== What to produce ==
Starting at the line below with "<p>what type of skin lesion is this? </p>" and stopping at the line with "MT-CO2 Antibody (NBP2-97593): Novus", please print each line exactly, those two included, and skip every picture.

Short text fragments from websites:
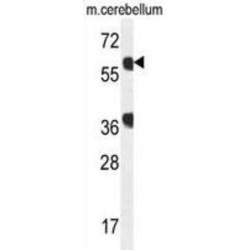 GTP Binding Protein 2 (GTPBP2) Antibody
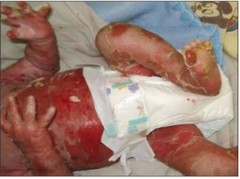 Afecta principalmente a neonatos y niños pequeños, eritema peribucal, exfoliación laminar, Signo de Nikolski positivo, descamación epitelial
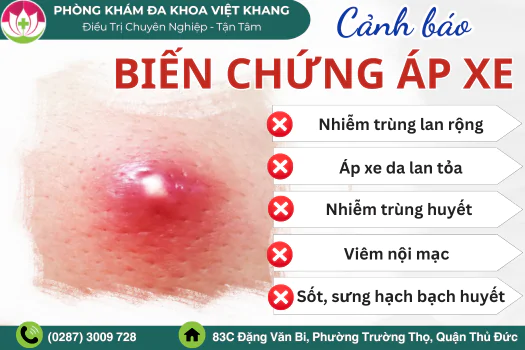 co-nen-tu-tri-ap-xe-tai-nha-hay-khong-1827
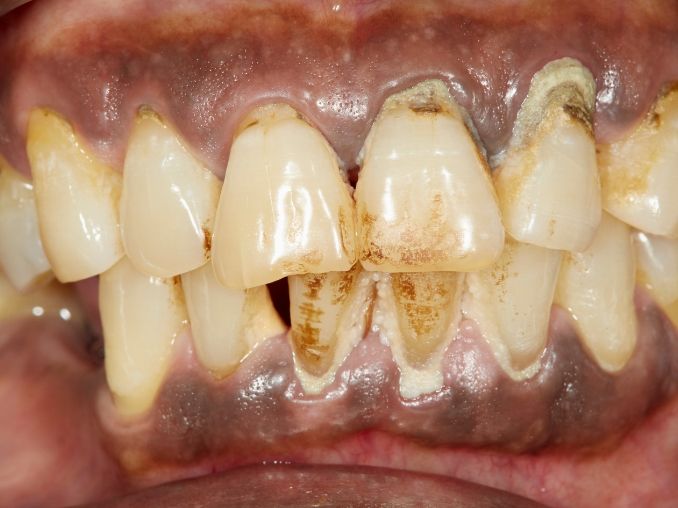 ¿La periodontitis se contagia? Claves, vías de transmisión 4 como se ve la periodontitis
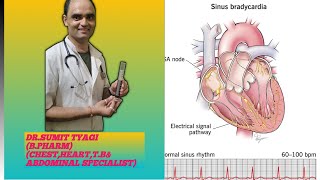 SINUS ARRTHMIA BRADICARDIA amp TRACHECARDIA BY DRSUMIT TYAGISUMITMEDICALDISPENSARY1 [upl. by Mcnully97]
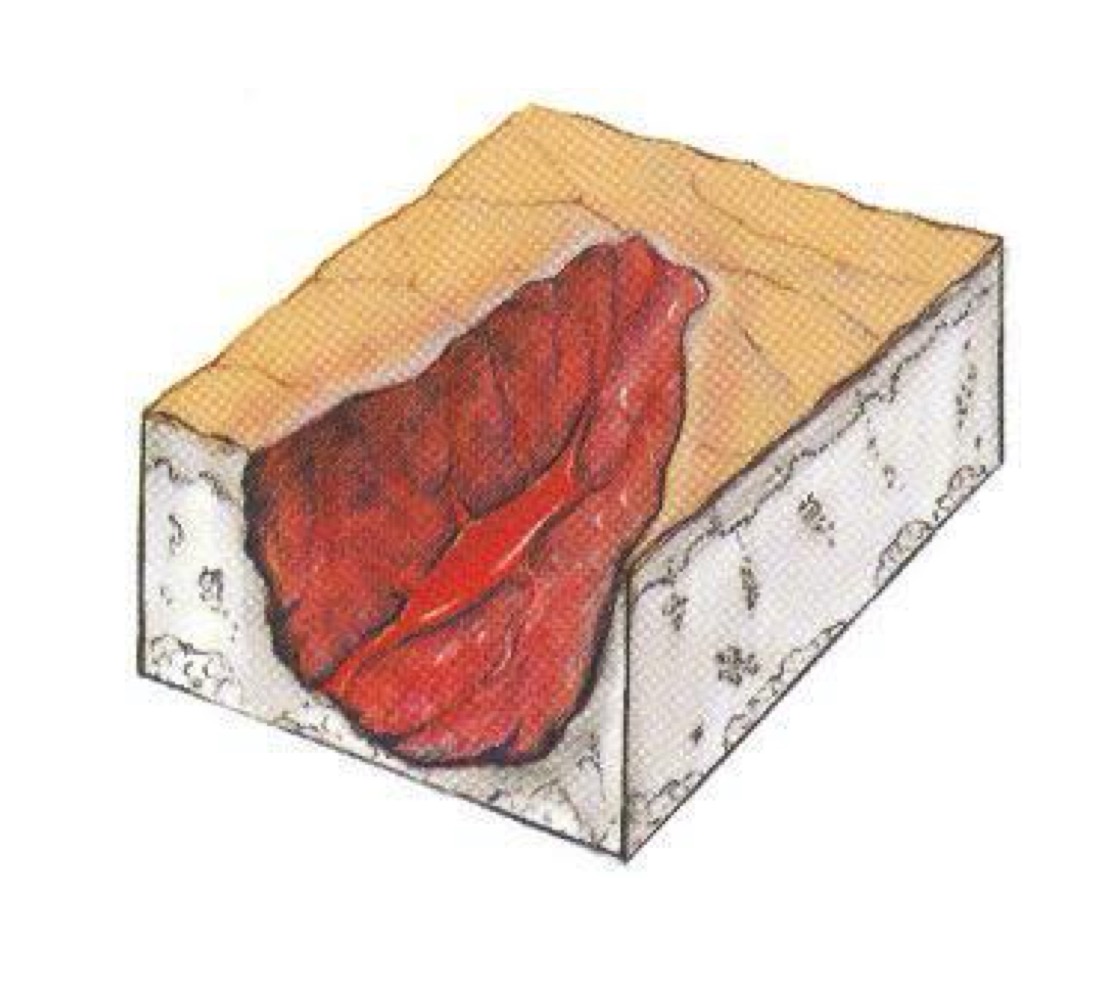 <p>what type of skin lesion is this? </p>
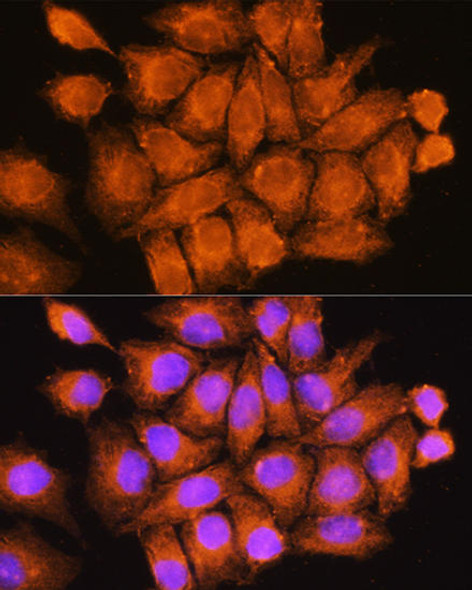 Cell Biology Antibodies 7 Anti-CFAP53 Antibody CAB16607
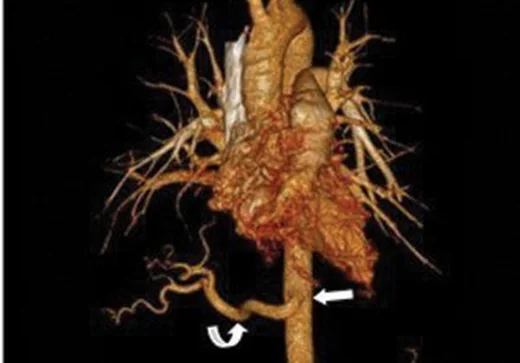 Pulmoner sekestrasyon: yayımlanmış olgu görüntüsü, aksiyel kesit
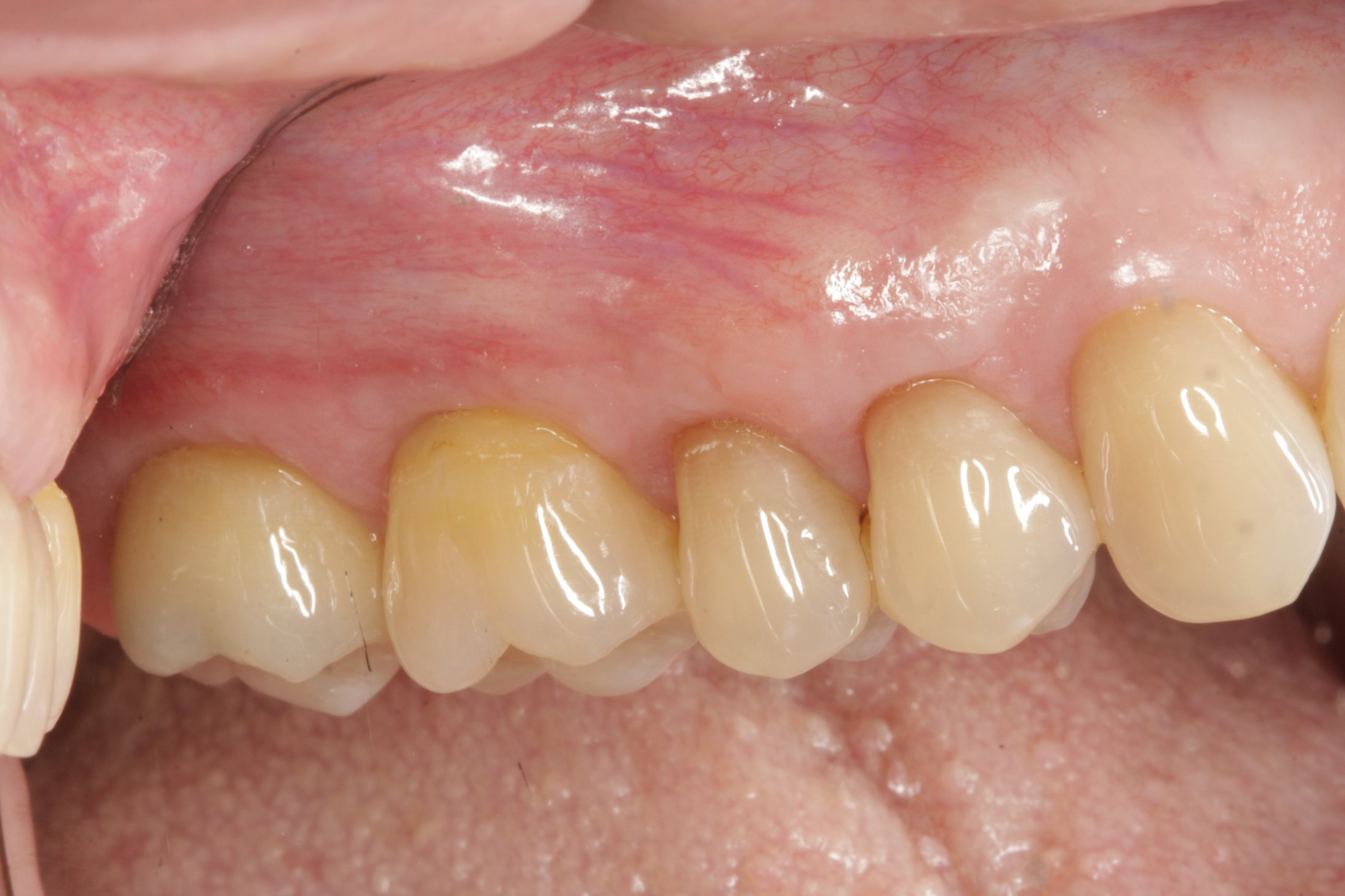 Connective Tissue Graft case study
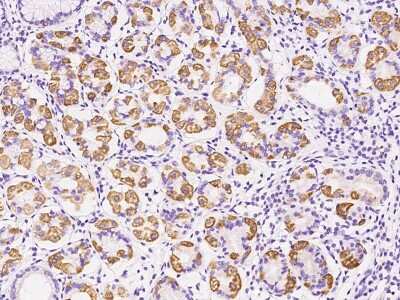 MT-CO2 Antibody (NBP2-97593): Novus Biologicals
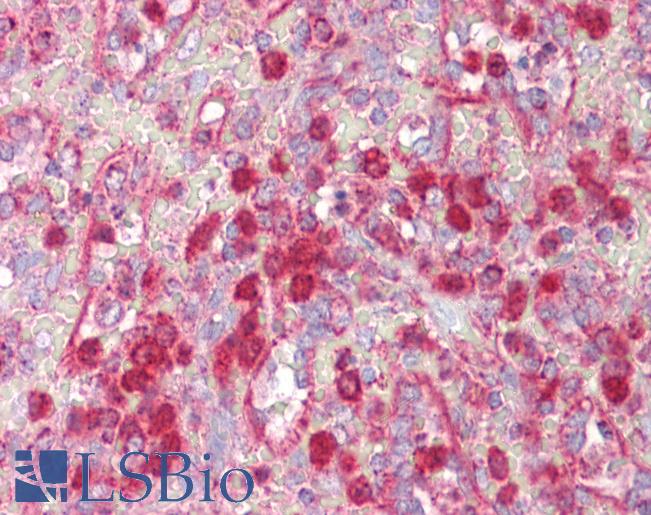 Anti-PIAS3 antibody IHC of human spleen. Immunohistochemistry of formalin-fixed, paraffin-embedded tissue after heat-induced antigen retrieval. Antibody LS-B7646 concentration 10 ug/ml.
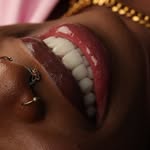 PORCELAIN VENEERS COLOMBIA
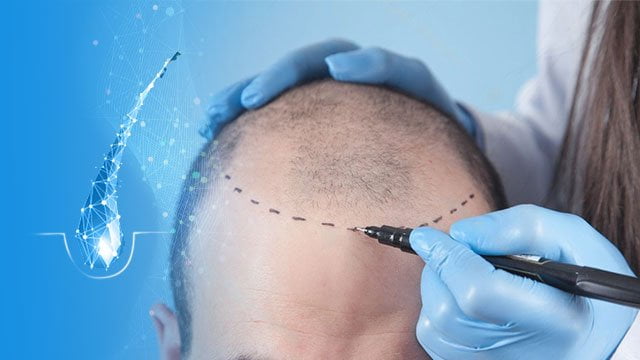 کاشت مو به روش سلولهای بنیادی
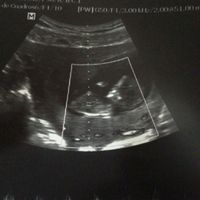 Mamis de junio 2017 - 1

== Result for this task ==
 <p>what type of skin lesion is this? </p>
 Cell Biology Antibodies 7 Anti-CFAP53 Antibody CAB16607
 Pulmoner sekestrasyon: yayımlanmış olgu görüntüsü, aksiyel kesit
 Connective Tissue Graft case study
 MT-CO2 Antibody (NBP2-97593): Novus Biologicals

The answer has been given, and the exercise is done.